Try this right now. Say the following out loud:
“Sometimes I feel confident, happy, ambitious, excited and totally lovable!”
Now say the following in the exact same way, without any self-judgment:
“Sometimes I feel insecure, sad, lazy, bored, angry and totally unlovable!”
Was it easy for you? Did you get emotional? Did you say it like a mocking joke? Try, over the next days, to talk about your negative feelings as if you are commenting on the weather. Be free with your truth and just make “feeling statements” without whining, getting heavy-hearted or shutting down.
(If the positive feeling statements were hard for you, than practice those, too. Say them over and over again. Remember not to say, “I AM confident, happy, etc.” but “Sometimes I FEEL confident, happy, etc.” It will help you to understand that these feelings don’t define you as much as they “pass through” you, just like the darker feelings.)

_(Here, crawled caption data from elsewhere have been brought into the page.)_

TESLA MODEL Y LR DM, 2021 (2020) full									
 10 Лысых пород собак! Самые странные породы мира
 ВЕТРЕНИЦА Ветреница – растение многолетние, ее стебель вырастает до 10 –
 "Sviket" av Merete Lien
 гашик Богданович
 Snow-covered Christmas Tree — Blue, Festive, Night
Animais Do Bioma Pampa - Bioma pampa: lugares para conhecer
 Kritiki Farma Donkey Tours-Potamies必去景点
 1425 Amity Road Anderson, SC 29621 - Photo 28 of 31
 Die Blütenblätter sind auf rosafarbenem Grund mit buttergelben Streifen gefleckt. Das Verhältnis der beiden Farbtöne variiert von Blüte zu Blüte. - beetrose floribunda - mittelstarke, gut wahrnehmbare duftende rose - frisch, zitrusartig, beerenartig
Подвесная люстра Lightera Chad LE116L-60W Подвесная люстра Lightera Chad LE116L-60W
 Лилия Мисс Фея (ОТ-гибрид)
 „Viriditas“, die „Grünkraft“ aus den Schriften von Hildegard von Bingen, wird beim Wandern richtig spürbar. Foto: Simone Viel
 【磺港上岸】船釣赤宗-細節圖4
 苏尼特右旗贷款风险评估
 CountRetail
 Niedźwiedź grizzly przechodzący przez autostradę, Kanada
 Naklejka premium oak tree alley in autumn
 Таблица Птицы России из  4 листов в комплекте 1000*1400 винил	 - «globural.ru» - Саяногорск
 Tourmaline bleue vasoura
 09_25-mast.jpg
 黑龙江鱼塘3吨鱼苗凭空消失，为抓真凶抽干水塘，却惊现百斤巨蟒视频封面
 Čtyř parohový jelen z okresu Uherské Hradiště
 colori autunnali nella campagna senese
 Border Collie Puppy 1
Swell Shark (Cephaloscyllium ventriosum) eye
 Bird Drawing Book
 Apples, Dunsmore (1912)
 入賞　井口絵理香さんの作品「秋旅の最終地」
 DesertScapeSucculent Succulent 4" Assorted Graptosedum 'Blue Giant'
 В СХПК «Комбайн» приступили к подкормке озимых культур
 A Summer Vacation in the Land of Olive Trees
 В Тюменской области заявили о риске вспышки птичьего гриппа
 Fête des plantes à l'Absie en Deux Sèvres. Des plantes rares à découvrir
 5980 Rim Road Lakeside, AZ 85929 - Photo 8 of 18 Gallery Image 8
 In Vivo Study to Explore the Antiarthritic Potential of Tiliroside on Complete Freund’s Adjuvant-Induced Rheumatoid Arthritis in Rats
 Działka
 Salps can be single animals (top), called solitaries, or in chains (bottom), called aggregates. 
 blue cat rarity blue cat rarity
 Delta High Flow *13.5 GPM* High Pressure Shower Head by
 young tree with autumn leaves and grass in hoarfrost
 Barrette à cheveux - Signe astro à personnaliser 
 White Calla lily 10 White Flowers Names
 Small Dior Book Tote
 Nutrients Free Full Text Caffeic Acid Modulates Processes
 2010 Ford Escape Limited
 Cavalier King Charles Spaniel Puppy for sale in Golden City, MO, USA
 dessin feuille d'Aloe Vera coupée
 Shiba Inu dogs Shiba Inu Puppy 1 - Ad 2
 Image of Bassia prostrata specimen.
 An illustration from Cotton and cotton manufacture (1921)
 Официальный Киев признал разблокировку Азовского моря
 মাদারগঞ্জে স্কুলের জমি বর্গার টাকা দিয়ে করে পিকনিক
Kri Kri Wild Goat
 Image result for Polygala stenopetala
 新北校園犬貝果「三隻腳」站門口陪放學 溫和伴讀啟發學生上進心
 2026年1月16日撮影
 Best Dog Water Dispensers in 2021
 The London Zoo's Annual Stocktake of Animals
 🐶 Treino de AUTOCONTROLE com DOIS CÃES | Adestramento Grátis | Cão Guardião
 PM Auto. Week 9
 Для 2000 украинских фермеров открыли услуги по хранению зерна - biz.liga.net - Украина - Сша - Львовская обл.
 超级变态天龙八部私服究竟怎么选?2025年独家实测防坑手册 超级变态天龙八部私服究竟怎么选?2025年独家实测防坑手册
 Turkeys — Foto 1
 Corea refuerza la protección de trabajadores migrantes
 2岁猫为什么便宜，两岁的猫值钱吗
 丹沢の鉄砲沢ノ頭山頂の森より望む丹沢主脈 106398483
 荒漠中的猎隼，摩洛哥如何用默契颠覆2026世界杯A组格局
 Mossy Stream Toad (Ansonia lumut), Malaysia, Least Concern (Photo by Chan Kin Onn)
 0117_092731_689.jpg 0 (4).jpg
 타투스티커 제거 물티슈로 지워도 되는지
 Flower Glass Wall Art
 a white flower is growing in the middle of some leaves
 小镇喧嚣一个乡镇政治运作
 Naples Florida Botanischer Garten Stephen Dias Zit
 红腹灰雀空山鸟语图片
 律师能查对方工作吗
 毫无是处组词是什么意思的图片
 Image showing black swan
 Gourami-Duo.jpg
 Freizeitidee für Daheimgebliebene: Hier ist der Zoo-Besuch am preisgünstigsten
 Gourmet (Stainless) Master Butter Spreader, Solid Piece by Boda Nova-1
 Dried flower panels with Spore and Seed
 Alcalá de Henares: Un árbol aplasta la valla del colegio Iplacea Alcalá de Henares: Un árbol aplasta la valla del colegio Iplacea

How To Talk With Men: Express Yourself & Leave Him Out Of It
Not having a stigma surrounding your feelings about his behavior not only means that you don’t judge yourself for feeling yucky things like insecurity and despair but that you don’t blame him for your feelings.
Refrain from shaming him or making him feel indirectly like a shmuck. Even if his actions have been less than acceptable, the important thing is that you keep the focus on what you feel inside, not on him.
So say things like:
“I’m feeling really needy and I don’t want to feel this way.”
“I am so angry inside, I want to burst!”
“I’m sad and I feel like my insecurities are making me doubt myself.”
Don’t say things like:
“Why don’t you call? You make me feel so unwanted.”
“All you do is upset me.”
“I’m fine. No, really. I’m fine.”
Don’t Take His Limitations Personally
Look, I know how hard it is not to take what a man says to heart and think that it must be something about you that makes him act “limited”. But the truth is that most people’s relationship patterns are repeated in the same way with everyone.
I promise that if he has a hard time returning your calls, you are not the only person in his life that he is thoughtless with in this way.
Now, I’m not telling you this so that you can make excuses for him. I’m not telling you this so that you can make it your mission to show him that he needs to grow up and be accountable. I am telling you this so that you can understand that it’s really not about you.
Yes, there are things you can do to inspire a man’s love and yes there will always be the sad truth that some men will love you more than others, but don’t sit around and let your self-confidence and self-image whirl around and down into the toilet plumbing because of a man’s behavior.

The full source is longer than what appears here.